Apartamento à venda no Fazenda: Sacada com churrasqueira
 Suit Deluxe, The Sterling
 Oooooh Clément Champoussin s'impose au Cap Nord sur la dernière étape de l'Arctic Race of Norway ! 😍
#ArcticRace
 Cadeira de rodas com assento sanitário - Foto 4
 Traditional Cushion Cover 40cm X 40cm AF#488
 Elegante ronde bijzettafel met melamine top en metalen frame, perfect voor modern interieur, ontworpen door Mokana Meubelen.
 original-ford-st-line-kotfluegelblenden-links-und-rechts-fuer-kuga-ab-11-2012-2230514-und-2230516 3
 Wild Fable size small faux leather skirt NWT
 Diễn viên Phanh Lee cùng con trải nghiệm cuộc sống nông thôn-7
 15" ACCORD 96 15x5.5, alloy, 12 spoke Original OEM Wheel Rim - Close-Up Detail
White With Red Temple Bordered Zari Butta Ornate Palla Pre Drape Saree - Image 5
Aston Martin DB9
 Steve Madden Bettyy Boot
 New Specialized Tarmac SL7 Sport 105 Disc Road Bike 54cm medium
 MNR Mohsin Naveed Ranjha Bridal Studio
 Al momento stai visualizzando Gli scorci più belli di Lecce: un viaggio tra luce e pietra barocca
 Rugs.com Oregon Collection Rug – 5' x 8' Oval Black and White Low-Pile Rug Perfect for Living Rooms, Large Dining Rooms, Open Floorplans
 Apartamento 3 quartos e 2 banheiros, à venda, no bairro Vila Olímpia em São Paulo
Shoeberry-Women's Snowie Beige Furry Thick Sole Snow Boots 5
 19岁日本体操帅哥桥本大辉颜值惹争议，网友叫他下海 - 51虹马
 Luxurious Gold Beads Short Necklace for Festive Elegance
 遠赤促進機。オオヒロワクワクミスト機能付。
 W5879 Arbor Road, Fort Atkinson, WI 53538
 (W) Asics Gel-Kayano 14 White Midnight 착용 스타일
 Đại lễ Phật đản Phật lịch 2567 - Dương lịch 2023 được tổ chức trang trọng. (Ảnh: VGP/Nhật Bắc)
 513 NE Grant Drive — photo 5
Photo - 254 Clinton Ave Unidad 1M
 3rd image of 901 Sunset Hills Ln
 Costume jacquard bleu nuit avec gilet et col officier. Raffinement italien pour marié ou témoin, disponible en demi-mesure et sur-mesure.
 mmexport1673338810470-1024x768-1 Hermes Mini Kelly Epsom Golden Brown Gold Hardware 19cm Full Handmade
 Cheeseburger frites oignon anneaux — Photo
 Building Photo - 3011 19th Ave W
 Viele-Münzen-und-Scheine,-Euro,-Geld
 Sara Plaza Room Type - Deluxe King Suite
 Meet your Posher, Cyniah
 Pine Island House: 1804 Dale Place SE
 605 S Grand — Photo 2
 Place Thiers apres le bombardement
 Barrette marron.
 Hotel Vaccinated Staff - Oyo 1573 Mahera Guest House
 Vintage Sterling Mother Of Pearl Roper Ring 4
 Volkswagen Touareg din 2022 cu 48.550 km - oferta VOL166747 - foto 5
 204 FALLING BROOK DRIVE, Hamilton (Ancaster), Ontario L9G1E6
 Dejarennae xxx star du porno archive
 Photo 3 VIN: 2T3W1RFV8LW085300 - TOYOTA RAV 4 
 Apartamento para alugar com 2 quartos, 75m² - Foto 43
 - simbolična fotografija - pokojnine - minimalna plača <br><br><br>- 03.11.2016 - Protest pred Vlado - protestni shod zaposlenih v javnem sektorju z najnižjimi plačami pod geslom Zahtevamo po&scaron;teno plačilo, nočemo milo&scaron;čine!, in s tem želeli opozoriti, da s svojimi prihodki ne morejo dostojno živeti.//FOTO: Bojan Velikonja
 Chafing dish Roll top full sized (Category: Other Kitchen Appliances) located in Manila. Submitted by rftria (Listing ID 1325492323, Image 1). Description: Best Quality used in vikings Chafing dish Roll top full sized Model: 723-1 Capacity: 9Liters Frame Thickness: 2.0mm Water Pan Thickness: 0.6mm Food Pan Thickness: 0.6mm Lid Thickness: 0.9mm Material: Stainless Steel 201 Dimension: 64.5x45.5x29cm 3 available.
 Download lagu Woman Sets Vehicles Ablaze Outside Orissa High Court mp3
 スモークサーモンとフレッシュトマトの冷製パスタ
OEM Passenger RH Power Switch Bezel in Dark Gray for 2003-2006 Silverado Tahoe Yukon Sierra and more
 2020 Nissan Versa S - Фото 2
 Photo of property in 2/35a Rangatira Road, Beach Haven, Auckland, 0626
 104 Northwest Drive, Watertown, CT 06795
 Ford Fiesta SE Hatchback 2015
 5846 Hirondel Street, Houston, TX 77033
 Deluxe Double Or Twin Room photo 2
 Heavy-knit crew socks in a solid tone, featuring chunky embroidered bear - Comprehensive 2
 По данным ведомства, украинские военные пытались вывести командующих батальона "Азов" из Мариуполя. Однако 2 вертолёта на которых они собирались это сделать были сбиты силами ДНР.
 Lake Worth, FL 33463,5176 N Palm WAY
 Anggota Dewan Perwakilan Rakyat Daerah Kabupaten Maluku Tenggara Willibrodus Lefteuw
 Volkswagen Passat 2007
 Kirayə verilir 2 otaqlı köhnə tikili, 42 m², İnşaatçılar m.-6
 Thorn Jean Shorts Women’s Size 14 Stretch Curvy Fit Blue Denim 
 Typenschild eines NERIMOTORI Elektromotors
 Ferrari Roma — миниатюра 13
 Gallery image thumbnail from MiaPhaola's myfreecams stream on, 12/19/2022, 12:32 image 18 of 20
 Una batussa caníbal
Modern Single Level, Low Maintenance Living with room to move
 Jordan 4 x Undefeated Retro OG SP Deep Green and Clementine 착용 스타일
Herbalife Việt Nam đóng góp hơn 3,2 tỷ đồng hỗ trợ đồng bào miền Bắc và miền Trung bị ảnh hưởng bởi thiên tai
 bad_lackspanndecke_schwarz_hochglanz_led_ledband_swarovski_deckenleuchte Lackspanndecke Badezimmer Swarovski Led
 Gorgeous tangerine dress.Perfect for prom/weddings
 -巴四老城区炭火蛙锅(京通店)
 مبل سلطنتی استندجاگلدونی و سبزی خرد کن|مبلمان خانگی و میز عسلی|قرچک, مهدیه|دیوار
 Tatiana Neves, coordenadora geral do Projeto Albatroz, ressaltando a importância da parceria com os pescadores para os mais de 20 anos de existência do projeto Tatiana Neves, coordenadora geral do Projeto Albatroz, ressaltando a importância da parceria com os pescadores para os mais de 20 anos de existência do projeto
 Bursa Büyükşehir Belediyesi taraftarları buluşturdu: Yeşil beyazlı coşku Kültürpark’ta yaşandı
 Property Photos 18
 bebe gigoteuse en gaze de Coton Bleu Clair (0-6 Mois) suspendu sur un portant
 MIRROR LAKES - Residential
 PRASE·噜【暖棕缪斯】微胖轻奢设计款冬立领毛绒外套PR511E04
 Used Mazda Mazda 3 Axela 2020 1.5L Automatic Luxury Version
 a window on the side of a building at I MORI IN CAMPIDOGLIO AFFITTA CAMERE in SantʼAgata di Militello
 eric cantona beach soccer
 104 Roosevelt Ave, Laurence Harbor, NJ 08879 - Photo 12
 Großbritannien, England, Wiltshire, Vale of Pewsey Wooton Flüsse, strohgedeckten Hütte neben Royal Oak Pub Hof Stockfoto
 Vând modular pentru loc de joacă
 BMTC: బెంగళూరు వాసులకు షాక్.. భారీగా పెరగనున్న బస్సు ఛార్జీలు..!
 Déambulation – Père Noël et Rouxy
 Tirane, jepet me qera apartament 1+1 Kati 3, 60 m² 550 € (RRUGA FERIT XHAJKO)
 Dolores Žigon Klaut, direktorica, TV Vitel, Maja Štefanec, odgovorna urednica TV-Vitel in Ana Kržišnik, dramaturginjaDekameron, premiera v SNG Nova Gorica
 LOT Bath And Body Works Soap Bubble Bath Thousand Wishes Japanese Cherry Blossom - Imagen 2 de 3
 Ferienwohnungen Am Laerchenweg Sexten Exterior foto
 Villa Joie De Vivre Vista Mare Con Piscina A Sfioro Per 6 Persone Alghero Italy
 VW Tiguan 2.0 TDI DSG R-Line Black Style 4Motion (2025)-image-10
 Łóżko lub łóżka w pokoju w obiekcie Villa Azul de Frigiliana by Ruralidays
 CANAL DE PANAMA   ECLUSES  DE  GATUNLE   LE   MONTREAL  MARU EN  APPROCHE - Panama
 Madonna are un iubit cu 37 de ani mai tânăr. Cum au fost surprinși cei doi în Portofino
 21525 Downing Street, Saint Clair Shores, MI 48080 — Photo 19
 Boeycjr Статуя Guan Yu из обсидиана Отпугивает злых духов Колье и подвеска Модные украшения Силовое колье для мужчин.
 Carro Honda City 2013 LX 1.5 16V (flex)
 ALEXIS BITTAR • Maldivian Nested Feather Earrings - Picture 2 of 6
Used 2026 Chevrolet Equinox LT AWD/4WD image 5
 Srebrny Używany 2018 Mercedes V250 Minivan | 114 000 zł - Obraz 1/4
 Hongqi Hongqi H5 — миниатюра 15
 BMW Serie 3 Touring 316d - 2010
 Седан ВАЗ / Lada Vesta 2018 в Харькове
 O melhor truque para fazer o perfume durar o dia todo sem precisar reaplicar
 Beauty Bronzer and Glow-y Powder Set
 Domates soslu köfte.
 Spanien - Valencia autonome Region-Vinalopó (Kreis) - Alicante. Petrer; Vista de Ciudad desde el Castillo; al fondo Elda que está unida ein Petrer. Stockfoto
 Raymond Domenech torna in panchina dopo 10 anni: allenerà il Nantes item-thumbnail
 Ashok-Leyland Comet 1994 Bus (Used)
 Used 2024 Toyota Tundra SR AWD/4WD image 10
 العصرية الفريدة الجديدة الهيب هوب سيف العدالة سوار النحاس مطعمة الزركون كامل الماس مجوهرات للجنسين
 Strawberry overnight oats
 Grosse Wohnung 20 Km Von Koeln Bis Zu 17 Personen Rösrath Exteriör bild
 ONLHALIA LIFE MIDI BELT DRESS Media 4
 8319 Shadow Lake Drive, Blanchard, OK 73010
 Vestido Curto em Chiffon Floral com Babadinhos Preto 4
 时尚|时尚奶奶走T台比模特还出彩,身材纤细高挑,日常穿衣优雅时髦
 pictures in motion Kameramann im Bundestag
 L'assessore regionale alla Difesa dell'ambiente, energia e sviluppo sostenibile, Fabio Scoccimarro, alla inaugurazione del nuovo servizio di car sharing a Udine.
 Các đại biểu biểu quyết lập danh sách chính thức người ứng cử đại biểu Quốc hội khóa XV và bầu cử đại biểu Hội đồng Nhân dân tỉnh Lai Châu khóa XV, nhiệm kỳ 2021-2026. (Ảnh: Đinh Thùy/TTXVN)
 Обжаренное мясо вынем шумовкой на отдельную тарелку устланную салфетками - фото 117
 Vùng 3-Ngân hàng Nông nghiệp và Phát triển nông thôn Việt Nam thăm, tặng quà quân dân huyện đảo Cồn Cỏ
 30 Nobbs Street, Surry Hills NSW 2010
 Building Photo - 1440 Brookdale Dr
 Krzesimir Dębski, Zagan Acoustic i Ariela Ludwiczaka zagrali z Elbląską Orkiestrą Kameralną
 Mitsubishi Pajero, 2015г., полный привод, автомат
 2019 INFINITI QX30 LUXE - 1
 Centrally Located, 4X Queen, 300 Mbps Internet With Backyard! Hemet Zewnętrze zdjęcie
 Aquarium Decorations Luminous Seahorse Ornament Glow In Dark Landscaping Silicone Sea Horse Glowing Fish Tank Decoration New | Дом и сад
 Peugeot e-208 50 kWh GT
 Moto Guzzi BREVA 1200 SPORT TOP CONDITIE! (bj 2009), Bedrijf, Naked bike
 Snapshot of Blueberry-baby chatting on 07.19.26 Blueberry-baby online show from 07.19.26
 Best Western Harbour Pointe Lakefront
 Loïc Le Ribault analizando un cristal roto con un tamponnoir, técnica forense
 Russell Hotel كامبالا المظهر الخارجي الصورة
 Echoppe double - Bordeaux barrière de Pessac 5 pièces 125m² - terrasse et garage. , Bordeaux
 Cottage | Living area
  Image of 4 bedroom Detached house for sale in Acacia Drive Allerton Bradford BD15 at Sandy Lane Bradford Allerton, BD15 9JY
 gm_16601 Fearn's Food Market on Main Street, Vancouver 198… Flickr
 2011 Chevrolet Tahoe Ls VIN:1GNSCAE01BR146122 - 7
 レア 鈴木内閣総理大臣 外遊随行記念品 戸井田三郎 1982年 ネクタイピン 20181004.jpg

Exercise ▸ Your answer should be the exact lines above from the one with "VW Tiguan 2.0" through the one with "Spanien - Valencia", both included, and nothing besides.

Solution to this problem ▸
 VW Tiguan 2.0 TDI DSG R-Line Black Style 4Motion (2025)-image-10
 Łóżko lub łóżka w pokoju w obiekcie Villa Azul de Frigiliana by Ruralidays
 CANAL DE PANAMA   ECLUSES  DE  GATUNLE   LE   MONTREAL  MARU EN  APPROCHE - Panama
 Madonna are un iubit cu 37 de ani mai tânăr. Cum au fost surprinși cei doi în Portofino
 21525 Downing Street, Saint Clair Shores, MI 48080 — Photo 19
 Boeycjr Статуя Guan Yu из обсидиана Отпугивает злых духов Колье и подвеска Модные украшения Силовое колье для мужчин.
 Carro Honda City 2013 LX 1.5 16V (flex)
 ALEXIS BITTAR • Maldivian Nested Feather Earrings - Picture 2 of 6
Used 2026 Chevrolet Equinox LT AWD/4WD image 5
 Srebrny Używany 2018 Mercedes V250 Minivan | 114 000 zł - Obraz 1/4
 Hongqi Hongqi H5 — миниатюра 15
 BMW Serie 3 Touring 316d - 2010
 Седан ВАЗ / Lada Vesta 2018 в Харькове
 O melhor truque para fazer o perfume durar o dia todo sem precisar reaplicar
 Beauty Bronzer and Glow-y Powder Set
 Domates soslu köfte.
 Spanien - Valencia autonome Region-Vinalopó (Kreis) - Alicante. Petrer; Vista de Ciudad desde el Castillo; al fondo Elda que está unida ein Petrer. Stockfoto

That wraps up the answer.